Artificial intelligent assistant

What's the dimension of this vectorspace? Consider the concatenation operator, e.g. $(1,2)+(3,4)=(1,2,3,4)$. With the conceit that adjacent numbers can "cancel out", e.g. $(1,2)+(-2,3)=(1,3)$, this is a group. We can make it a vectorspace by the standard componentwise multiplication: $cx=(cx_1,cx_2,\dots)$. Note that any element in this vector space can be written as $\sum_i c_i(1)$ for some $c_i$. I'm wondering if this means that this vector space has dimension one, since a basis seems to be $\\{(1)\\}$? I have read that a vector space with a field $F$ and dimension $n$ is isomorphic to $F^n$ which would mean that my vectorspace is isomorphic to $\mathbb R$, which I don't think is true.

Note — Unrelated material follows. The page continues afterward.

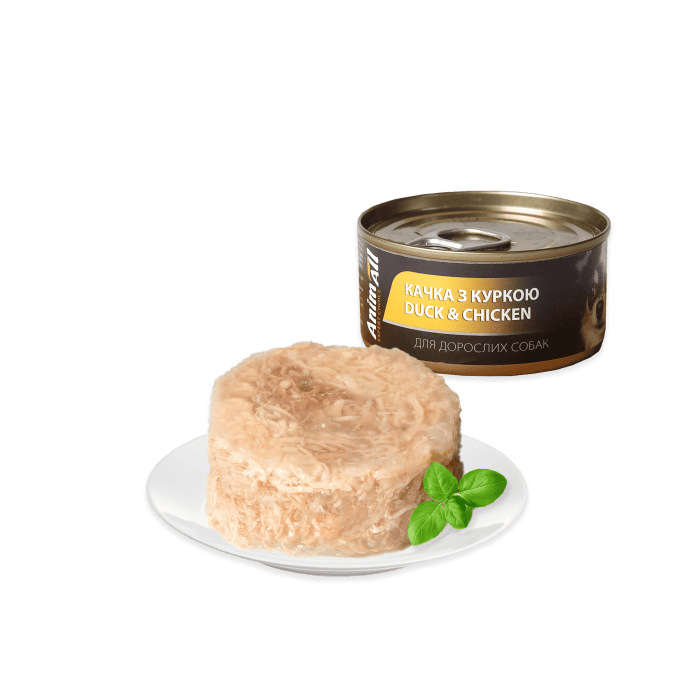 AnimAll вологий корм для собак з качкою та куркою в ніжному желе 85 г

This is not a vector space. Vadim123 and Tobias Kildetoft already pointed out that the underlying additive group is not abelian. Also in a vector space the axiom $$ (a+b)X=aX+bX $$ is required to hold for all scalars $a,b$ and vectors $X$. But here if $X=(1,2)$, $a=3$, $b=4$, then $$ (a+b)X=7X=(7,14)\qquad\text{but}\qquad aX+bX=(3,6)+(4,8)=(3,6,4,8). $$ Allowing permutations won't help.